(Recasts; adds more analyst comments, background, Citi price target cut)
Nov 17 (Reuters) - Bernstein Research analyst Brad Hintz became the latest to join the ranks of analysts expecting a fourth-quarter loss at Goldman Sachs (GS.N), as he expects the company to be hurt by writedowns amid weak credit market conditions.
Hintz, who also slashed his earnings estimates on Morgan Stanley (MS.N), expects the former investment banks to suffer as global economic conditions continue to deteriorate.
Separately, theflyonthewall.com reported that Citigroup cut its price target on Goldman shares to $125 from $150.
Shares of Goldman fell 5 percent before the bell, while those of Morgan Stanley slid 3 percent.
Bernstein’s Hintz expects Goldman Sachs to post a fourth-quarter loss of 54 cents a share, hurt by writedowns related to its investments in Industrial and Commercial Bank of China Ltd (601398.SS) (1398.HK) (ICBC) and its private equity holdings.
Goldman is likely to lose $800 million from its investment at ICBC, due to the company’s declining equity value on the Hong Kong Stock Exchange, Hintz said.
Goldman may also face reduced fixed income sales and trading revenues due to the difficult credit market conditions, Hintz, who had earlier expected a fourth-quarter profit of $2.12 a share at the company, said in a note to clients.
Over the past two weeks, a slew of analysts at brokerages including Fox-Pitt Kelton and UBS have forecast that Goldman will post a fourth-quarter loss, which would be its first ever as a public company.

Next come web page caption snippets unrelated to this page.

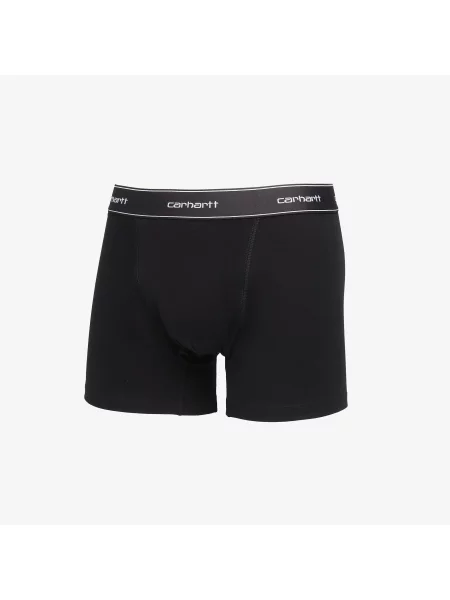 Κιλότα Carhartt Wip μαύρο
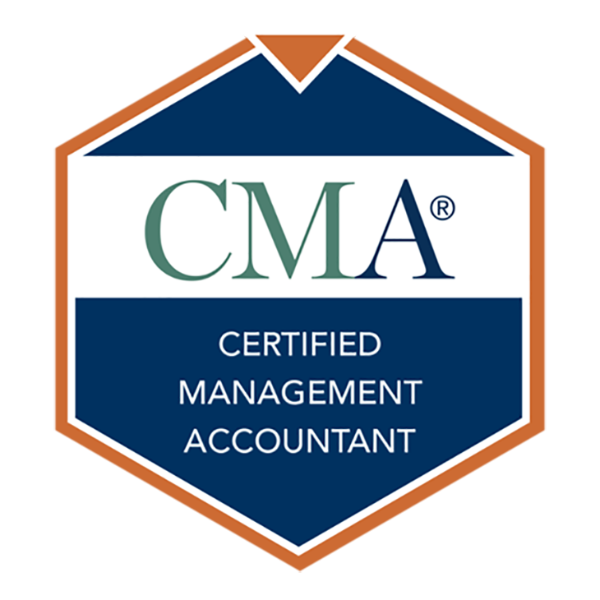 Certified Management Accountant: CMA®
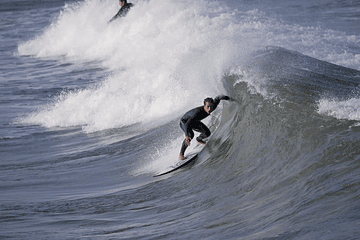 Master the Waves with a Champion's Choice: Sharp Eye Surfboards!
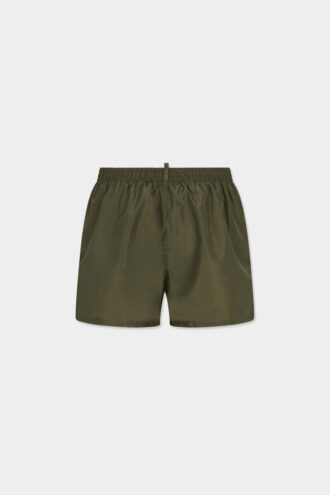 Dsquared2 Logo Midi-bade-boxershorts
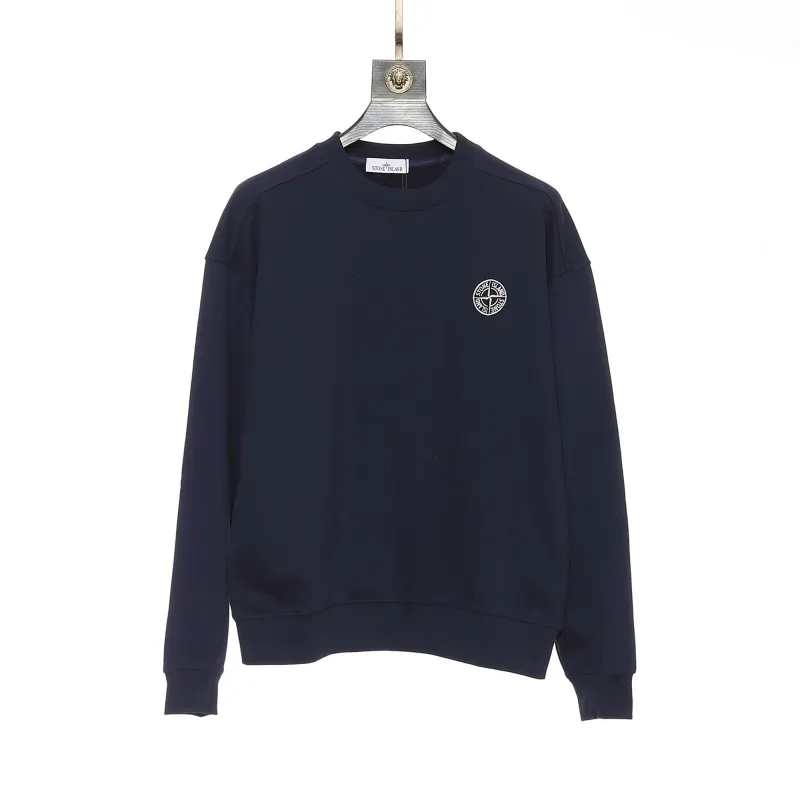 Stone Island Hoodies #A55255
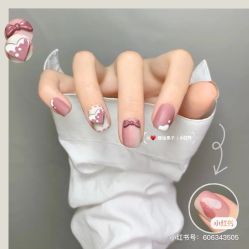 -妙睫屋日式美甲美睫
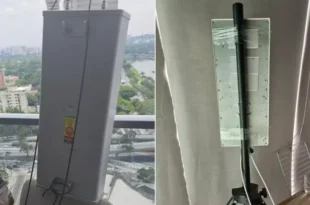 Antenas falsas bloqueiam sinal de operadoras e são usadas para aplicar golpes por SMS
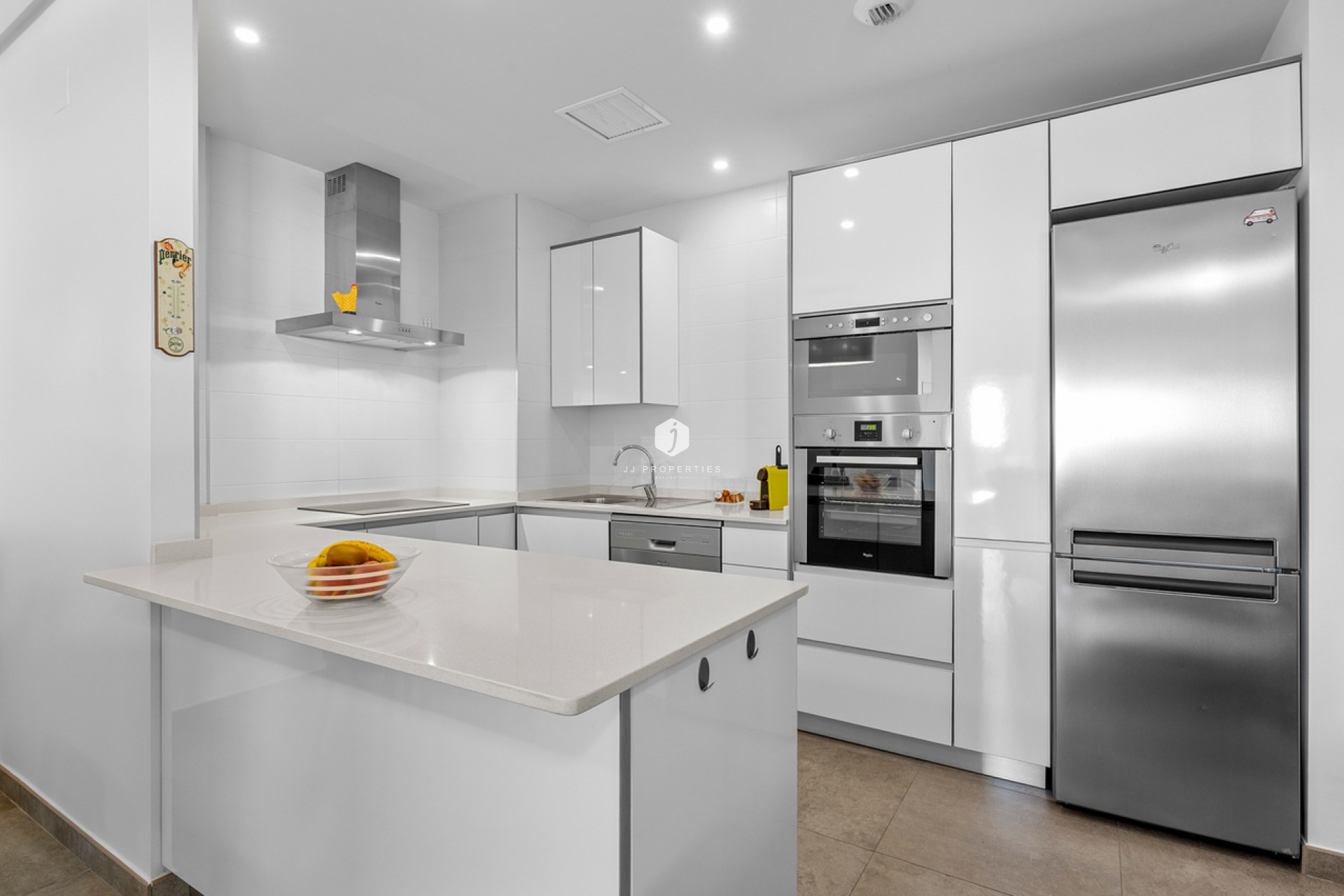 Tweedehands - Appartement / flat -
Los Dolses - Inland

The analysts’ expectations for a loss range between $2.50 per share and 40 cents a share.
“Because Morgan Stanley is less reliant on capital intensive trading revenues than Goldman Sachs, Bernstein expects Morgan Stanley’s results will be stronger than Goldman’s this quarter,” Bernstein’s Hintz said.
But he cut his fourth-quarter estimates on Morgan Stanley to 30 cents a share from $1.12 a share, citing a “difficult operating environment” during the quarter.
Hintz prefers Morgan Stanley over Goldman Sachs for its greater revenue diversification, lower reliance on capital intensive trading revenues and the earnings stability that its retail brokerage business provides.
The analyst has an “outperform” rating on Morgan Stanley, while he rates Goldman Sachs “market-perform.”
Goldman Sachs and Morgan Stanley became bank holding companies regulated by the U.S. Federal Reserve in September, after Lehman Brothers LEHMQ.PK failed, Merrill Lynch MER.N agreed to be bought and the financial markets spun out of control.
The change, effectively killing off the investment banking model that had dominated Wall Street for more than 20 years, enabled Goldman and Morgan Stanley to take deposits, gain easier access to financing and gave them more flexibility to buy retail banks.
On the investment banking front, the current quarter was weak for the two surviving securities firms with weak underwritting volumes, analyst Hintz said.
“The potential for negative marks remains real as hedge funds, banks and other institutions continue to de-lever their balance sheets,” he said.
While mergers and acquisition advisory revenue is likely to hold up the quarter, it is not likely to offset the weakness from the underwriting side of the business, Hintz said.